But over the next decade, Carlson returned SRI to double-digit growth by instituting the "five disciplines" that he and Wilmot dissect in workbook fashion: identifying important customer needs, creating solutions that fill those needs, building innovation teams, empowering "innovation champions" who keep the effort on track, and, finally, aligning the entire enterprise around creating value for customers. To that end, Carlson and Wilmot suggest spending a lot of face time with customers to get real-time feedback on your ideas from the outset. "Get out of your office, hit the road. The best source of information about whether your value proposition is on the right track is your prospective customers and partners," they write.

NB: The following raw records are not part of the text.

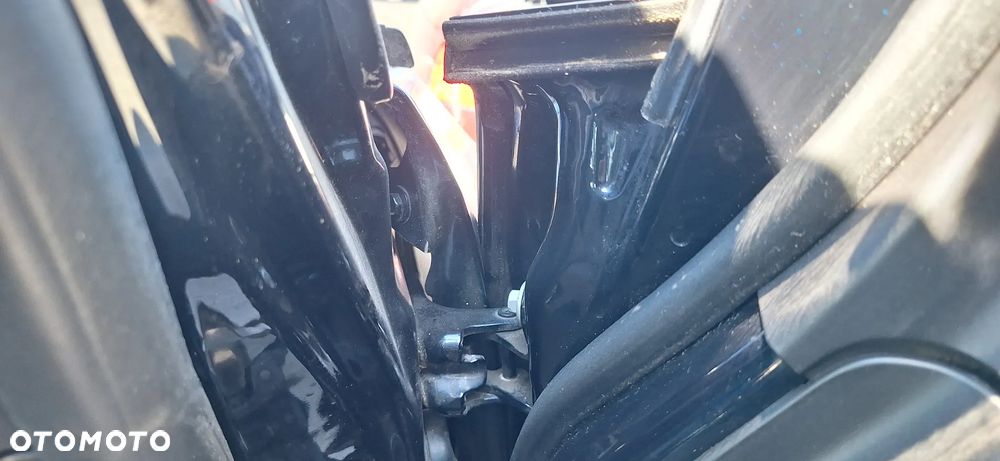 Opel Astra J Sedan Drzwi Przód Przednie Prawe Kod Lakieru Z22X - 18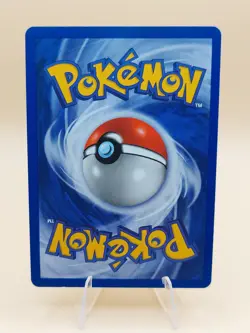 Zapdos Pokemon Black Star Promo #23 WOTC 1999-2000 Aoki Error LP - Image 2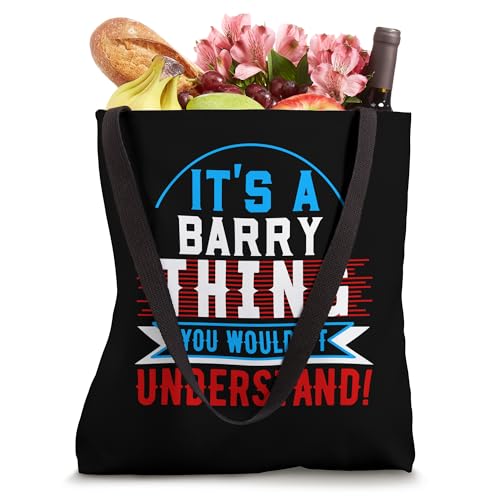 Bolso Tote BARRY It's A BARRY Thing miniatura 4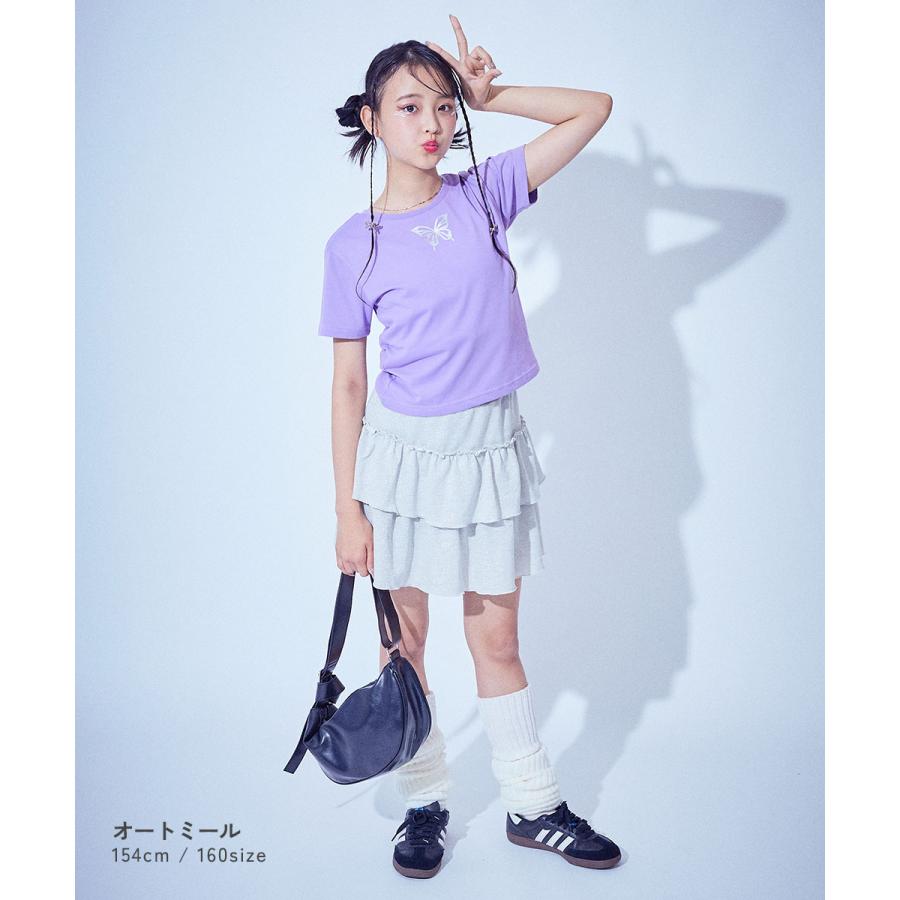 devirock（デビロック） ミニスカート インナーパンツ付 ボトムス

Contrary to what most executives might believe, the authors argue that building an innovative company doesn't require a cultural overhaul. "You do not have to totally change your enterprise, fire all your people, or import arcane practices that no one understands," they advise. Among the alternatives they offer: the "Watering Hole," a brainstorming session where new ideas undergo a formal review process. Carlson runs this forum every two to six weeks at SRI, with five to 20 participants from different departments, including the team pitching an idea, technical and legal staff, and a market expert, as well as current or potential business partners.

Presenters make a five- to 20-minute presentation, followed by 10 to 30 minutes of feedback around four key questions: What is the market need? What is your approach to addressing this need? What are the benefits vs. costs of your approach? And how do these benefits compare with the competition's? Carlson and Wilmot, who helped create the innovation workshop SRI runs for outside companies, say their experience at SRI has proven this format spurs critical collaboration among once-siloed departments.

"Watering holes are an excellent way to eliminate organizational boundaries, which are major barriers to innovation in most companies," they write.

Still, the authors caution that even the best procedures are no shortcut to perseverance. They recount how when a colleague told Thomas Edison that he'd again failed to find a filament that would not burn out, Edison replied, "I didn't fail. I just found something else that didn't work." And sometimes the ultimate market for a great idea isn't the one you first imagined. Carlson and Wilmot note that when one SRI engineer developed a technique for printing metals on paper -- thinking it could revolutionize the greeting-card business -- the idea was scrapped after the realization that the potential market was small, and there were already cheaper alternatives. But further research showed that a better application for the technology was printing cheap antennas for Radio Frequency Identification Device tags. In the pursuit of innovation, there doesn't always have to be a Eureka moment.